Christian Mahieux, le 16 janvier 2009 à RTL / RTL
RTL info
16 janv. 2009
Màj 09 févr. 2009 12h07
16 janv. 2009
Regardez la vidéo de l'entretien![]()
A écouter aussi : Nicolas Sarkozy "flingue" le syndicat Sud-Rail![]()
Jean-Michel Aphatie : Bonjour, Christian Mahieux.
Christian Mahieux : Bonjour.
C'est donc votre syndicat, Sud-Rail, qui a provoqué un arrêt total des trains, mardi matin, gare saint Lazare à Paris, entraînant la fermeture de la gare et bloquant ainsi les quelque 400.000 personnes qui passent par là, chaque jour. Hier, le Président de la République a déclaré que Sud-Rail était une "organisation irresponsable" - je le cite - "qui se moque de son outil de travail, de la déontologie du service public" et qui porte, a-t-il dit, "gravement atteinte à l'image d'une entreprise exceptionnelle", c'est-à-dire la SNCF.
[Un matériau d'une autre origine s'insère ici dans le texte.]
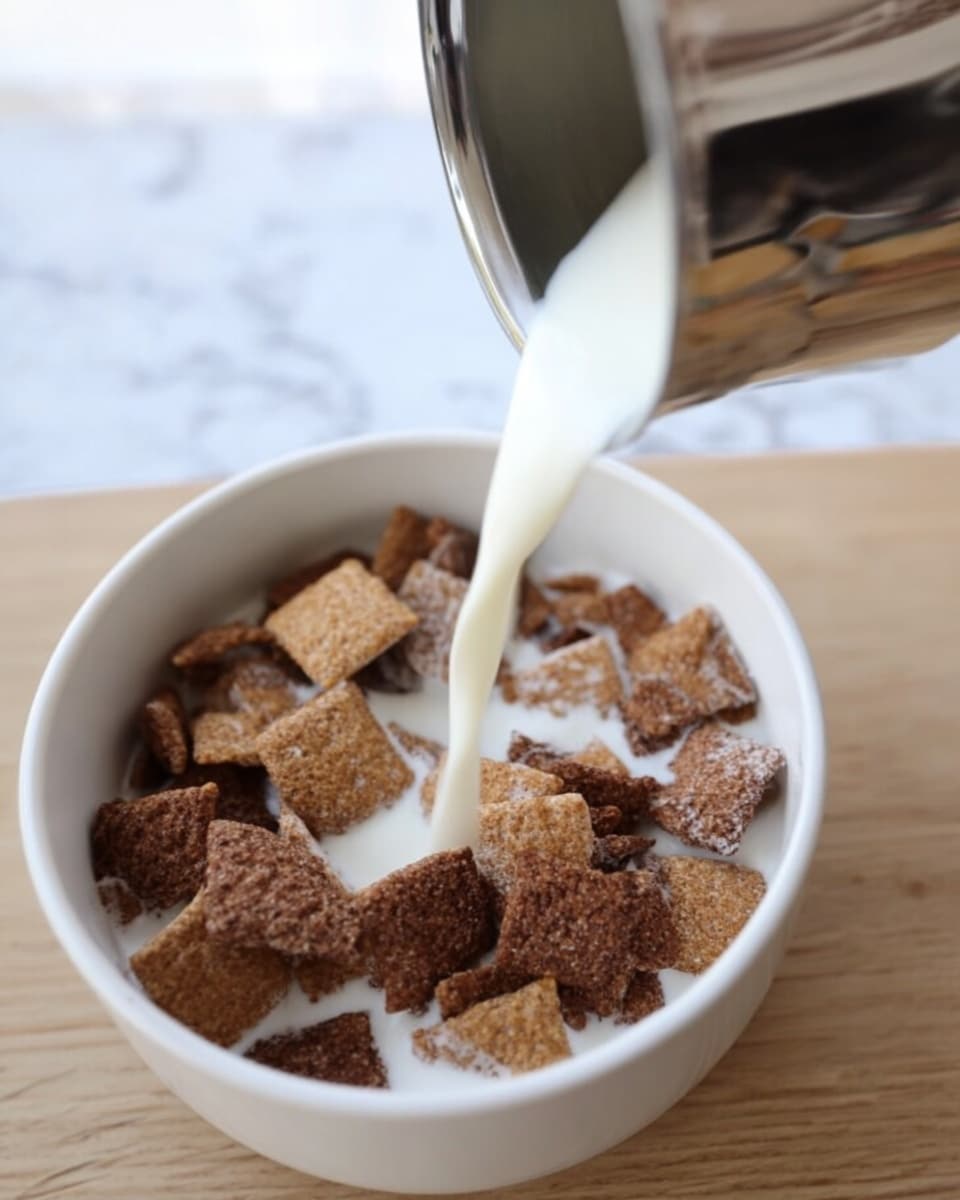 The image shows many small square snacks placed closely on a white marbled surface. Each square has a crispy texture with a mix of brown and golden tones, showing a toasted finish. The top layer is coated lightly with sparkling sugar grains that add a slightly shiny look. The squares have some uneven edges and a rough texture on their top, giving a crunchy appearance. They are evenly spaced with no other items in the frame, focusing fully on the toasted, sugar-coated squares. photo taken with an iphone --ar 4:5 --v 7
Que lui répondez-vous, Christian Mahieux ?
Ecoutez, je pense qu'il faut déjà savoir de quoi on cause, si on parle de la situation de mardi à la gare Saint-Lazare, ce n'est pas Sud-Rail qui a fermé la gare, c'est pas les grévistes qui ont fermé la gare, c'est la direction SNCF qui a décidé de fermer la gare, c'est de sa responsabilité.
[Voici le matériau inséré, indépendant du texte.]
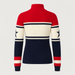 Perfect Moment women’s Schild Sweater in Red/Navy – product back view
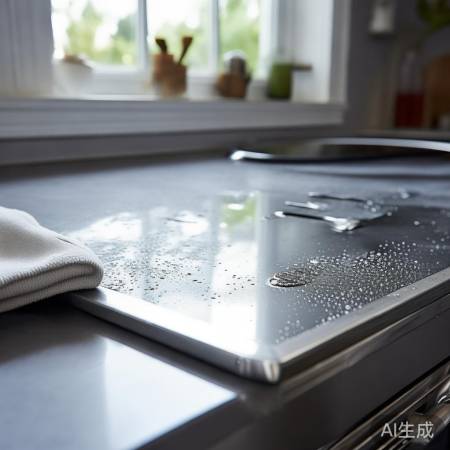 “灶台清洗，擦干防油渍”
C'était une erreur, d'après vous, parce que Guillaume Pépy expliquait que c'était des problèmes de sécurité ?...
C'est dû à une situation créée par un mouvement de grève qui durait depuis effectivement plus d'un mois, ça c'est aussi la responsabilité de la SNCF puisque la grève a débuté le 15 décembre et qu'on était le 15 janvier, et que je rappelle que les camarades de Sud-Rail sur le Paris Saint-Lazare, avaient préavisé de ce mouvement de grève dès le mois de novembre. Donc, il y a effectivement une conjonction de faits qui a abouti à une situation très compliquée à la gare Saint-Lazare...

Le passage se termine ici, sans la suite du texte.